哈密顿路径问题在上世纪七十年代初，终于被证明是“NP完备”的。据说具有这样性质的问题，难于找到一个有效的算法。实际上对于某些顶点数不到100的网络，利用现有最好的算法和计算机也需要比较荒唐的时间（比如几百年）才能确定其是否存在一条这样的路径。

　　从图中的任意一点出发，路途中经过图中每一个结点当且仅当一次，则成为哈密顿回路。

　　要满足两个条件：

　　1.封闭的环

　　2.是一个连通图，且图中任意两点可达

　　经过图（有向图或无向图）中所有顶点一次且仅一次的通路称为哈密顿通路。

　　经过图中所有顶点一次且仅一次的回路称为哈密顿回路。

　　具有哈密顿回路的图称为哈密顿图，具有哈密顿通路但不具有哈密顿回路的图称为半哈密顿图。

　　平凡图是哈密顿图。

题意：求一条哈密顿回路，但是权值计算不同，包括三部分：1经过个所有点的权值相加。2经过的连续两个点的权值的乘积。3，能够构成三角型的连续三个点的乘积。这些全部加起来就是这条回路的总权值。

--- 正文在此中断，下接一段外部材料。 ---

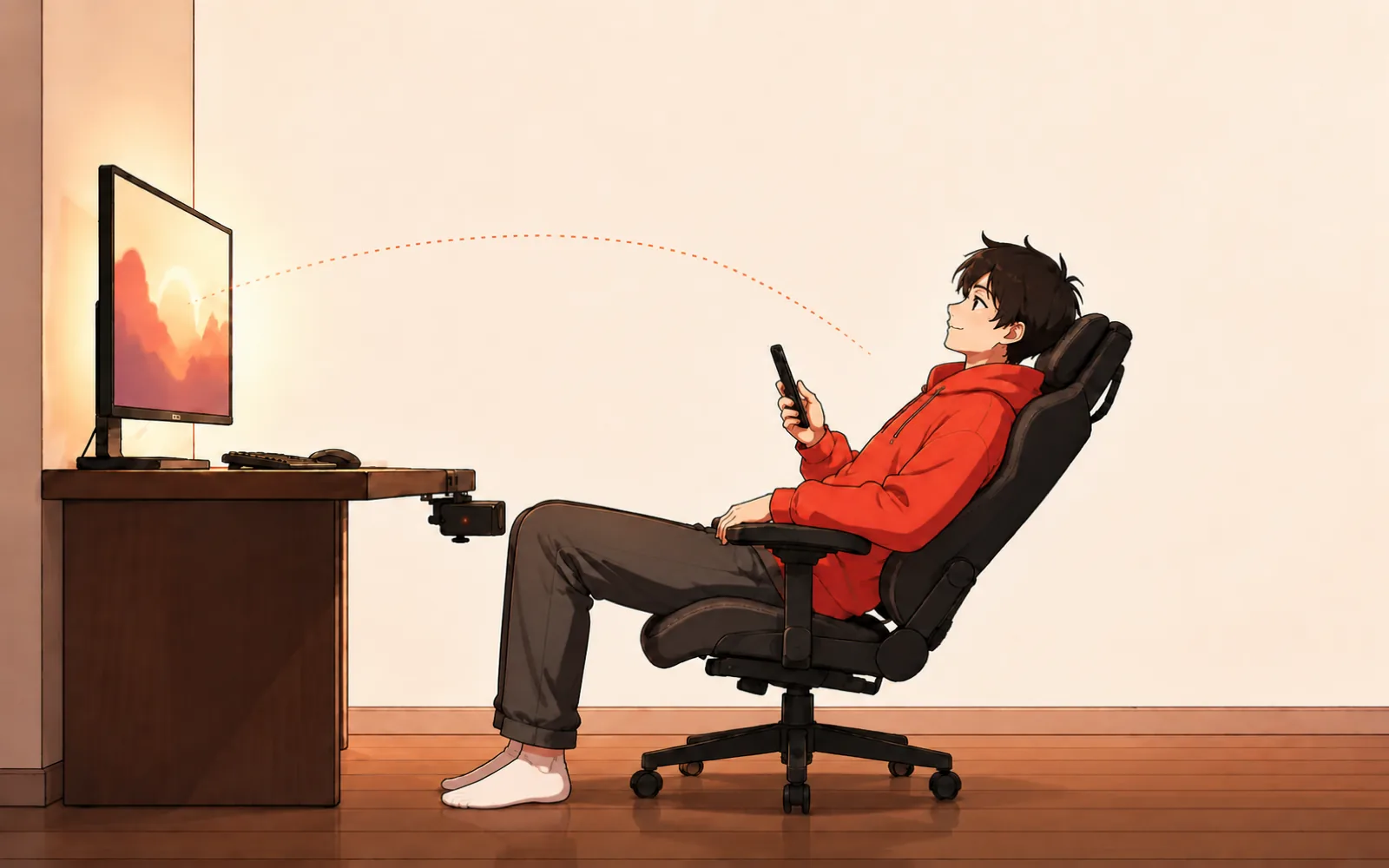 Side view of a desk setup: monitor and keyboard far back, the device clamped to the near edge, and someone reclined in a chair well away from it, controlling everything from the phone in his hand.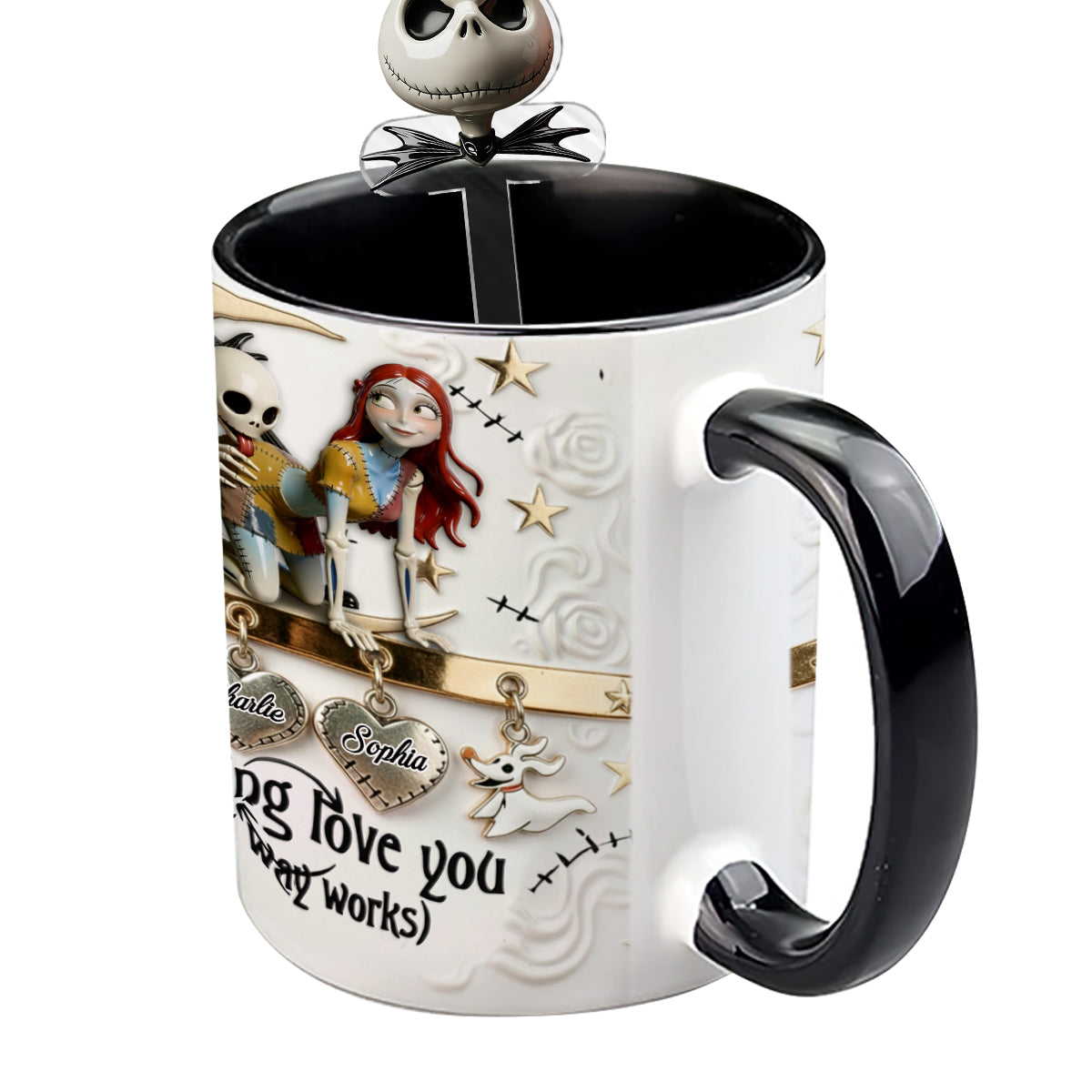 I Love You - Personalized Nightmare Set Accent Mug with Acrylic Stirrers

输出最大权值和这个最大权值的路线有多少条。

这题很难构造DP方程，因为题目中要加上构成三角形的乘积，所以用三维dp[state][i][j],state是当前状态，i，j是相邻的两条边，用这两条边去更新新的状态因为三维可以在更新时就判断是否满足三角形减少了下个状态时的判断，，

虽然模板是TSP但是还是很复杂的，数据量开long long

#include <iostream>
#include <cstdio>
#include <cstring>
#include <algorithm>
#include <cmath>
using namespace std;
const int N = 14;
typedef long long LL;
LL dp[1<<N][N][N], road[1<<N][N][N], v[N], s[N][N];

int main()
{
int t;
scanf("%d", &t);
while(t--)
{
int n, m;
scanf("%d %d", &n, &m);
memset(dp,-1,sizeof(dp));
memset(road,0,sizeof(road));
memset(s,0,sizeof(s));
for(int i=1;i<=n;i++)
scanf("%d", &v[i]);
for(int i=0;i<m;i++)
{
LL x, y;
scanf("%lld %lld", &x, &y);
s[x][y]=s[y][x]=1;
}
if(n==1)
{
printf("%lld 1\n",v[1]);
continue;
}
int num=(1<<n);
for(int i=1;i<=n;i++)
{
for(int j=1;j<=n;j++)
{
if(i!=j&&s[i][j])
{
int state=1<<(i-1);
state|=(1<<(j-1));
dp[state][i][j]=v[i]+v[j]+v[i]*v[j];
road[state][i][j]=1;
}
}
}
for(int now=0;now<num;now++)
{
for(int i=1;i<=n;i++)
{
if(!(now&(1<<(i-1))))
continue;
for(int j=1;j<=n;j++)
{
if(!(now&(1<<(j-1)))||s[i][j]==0||i==j)
continue;
if(dp[now][i][j]==-1)
continue;
for(int k=1;k<=n;k++)
{
if(now&(1<<(k-1)))
continue;
if(s[j][k]==0||i==k||j==k)
continue;
int sum=dp[now][i][j]+v[k]+v[j]*v[k];
if(s[i][k])
sum+=(v[i]*v[j]*v[k]);
int state=now|(1<<(k-1));
if(dp[state][j][k]<sum)
{
dp[state][j][k]=sum;
road[state][j][k]=road[now][i][j];
}
else if(dp[state][j][k]==sum)
{
road[state][j][k]+=road[now][i][j];
}
}
}
}
}
LL ans=0, cnt=0;
for(int i=1;i<=n;i++)
{
for(int j=1;j<=n;j++)
{
if(i==j||s[i][j]==0||dp[num-1][i][j]==-1)
continue;
else if(dp[num-1][i][j]>ans)
{
ans=dp[num-1][i][j];
cnt=road[num-1][i][j];
}
else if(dp[num-1][i][j]==ans)
{
cnt+=road[num-1][i][j];
}
}
}
printf("%lld %lld\n",ans,cnt/2);
}
return 0;
}